Search code examples
pythoncharacter-encodingstrip

python - removing whitespaces not working - encoding issue?


I have a dataset which contains data scraped from a real estate agency. I want to clean the variables from special characters (€, m², etc), remove whitespaces and convert them into integers. For instance I have these for the price (Prix de vente) and size (Surface habitable):

enter image description here

I manage to strip the "€" from the price variable with the following:

data["Prix de vente"] = data["Prix de vente"].str.strip("€")
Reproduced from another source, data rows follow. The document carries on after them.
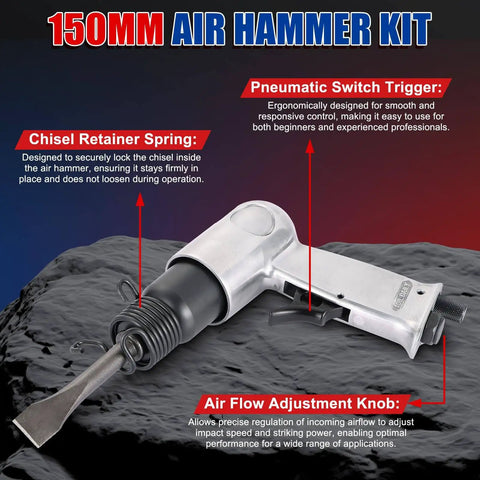Beefy 150mm Air Hammer Kit With 4500 BPM Short Barrel Pneumatic Hammer on rock surface featuring chisel retainer and controls.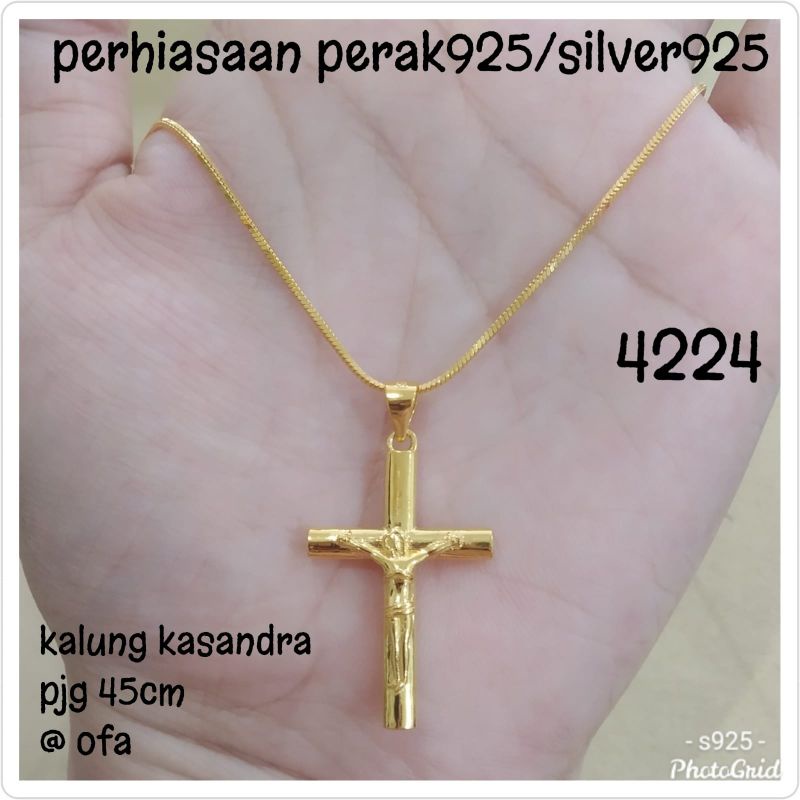 KALUNG+LIONTIN SALIP KUNING 4224 PERAK 925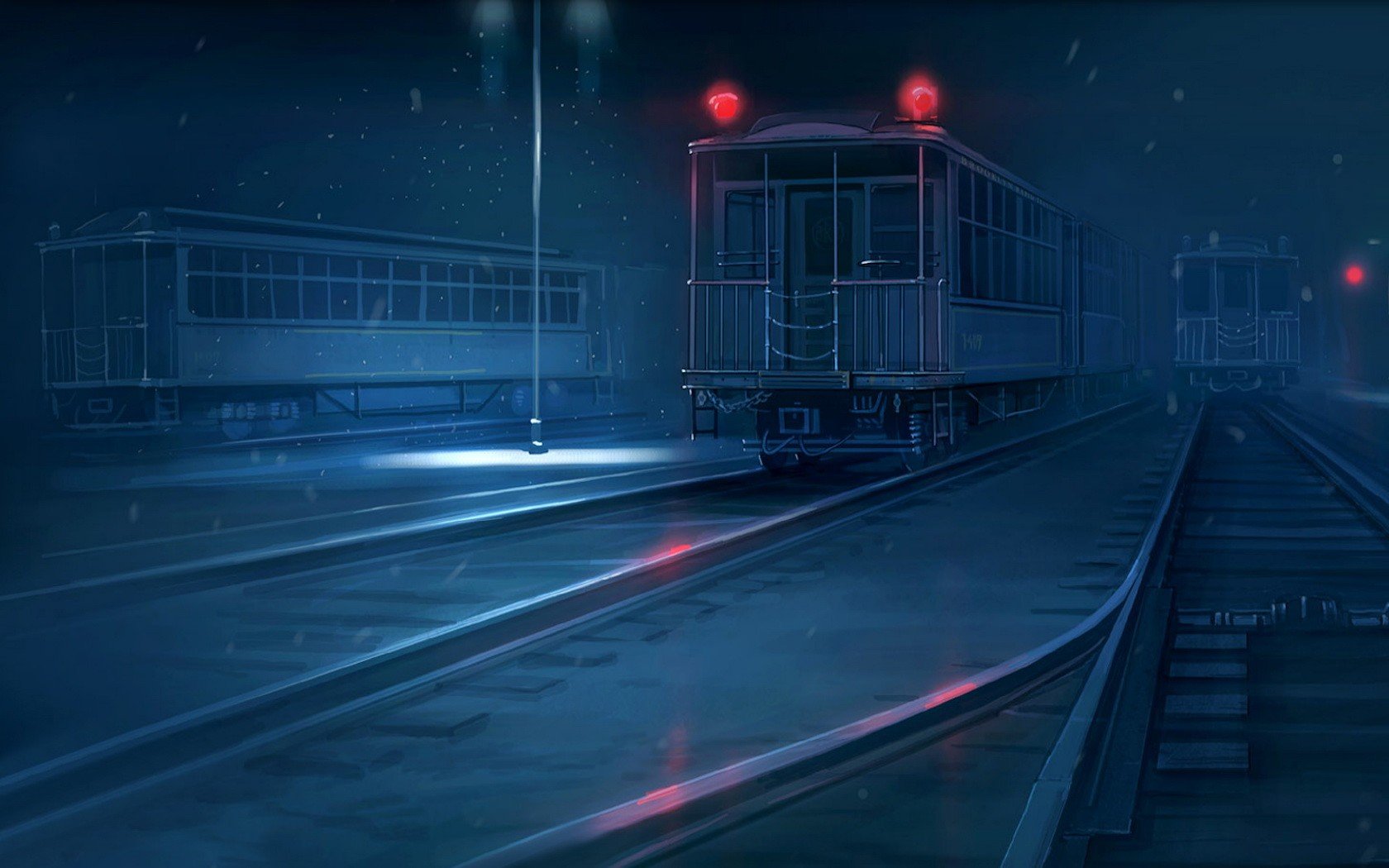 ferrocarril carretera vagón dibujo noche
However none of these two techniques work to remove the whitespaces

data["Prix de vente"] = data["Prix de vente"].str.strip() 
data["Prix de vente"] = data["Prix de vente"].replace(" ","")

I keep having:

      540 000
      900 000
      890 000
      900 000
      900 000
      ...

I have a feeling this is due to the way my data is encoded. Would that be the issue? And if so, how do I deal with it? I'm using a jupyter notebook.


Solution

  • You can do

    data["Prix de vente"] = data["Prix de vente"].str.replace("\s","", regex=True)
    

    Matching "\s" combined with regex=True instead of " " makes sure to match not only regular spaces but any whitespace character

    More background:

    Your first approach

    data["Prix de vente"] = data["Prix de vente"].str.strip()
    

    does not work, since .strip() only removes leading and trailing characters.

    Your second approach

    data["Prix de vente"] = data["Prix de vente"].replace(" ","")
    

    does not work, since it is using not str.replace, but pd.Series.replace, which only replaces exact matches of values (e.g. "900 000").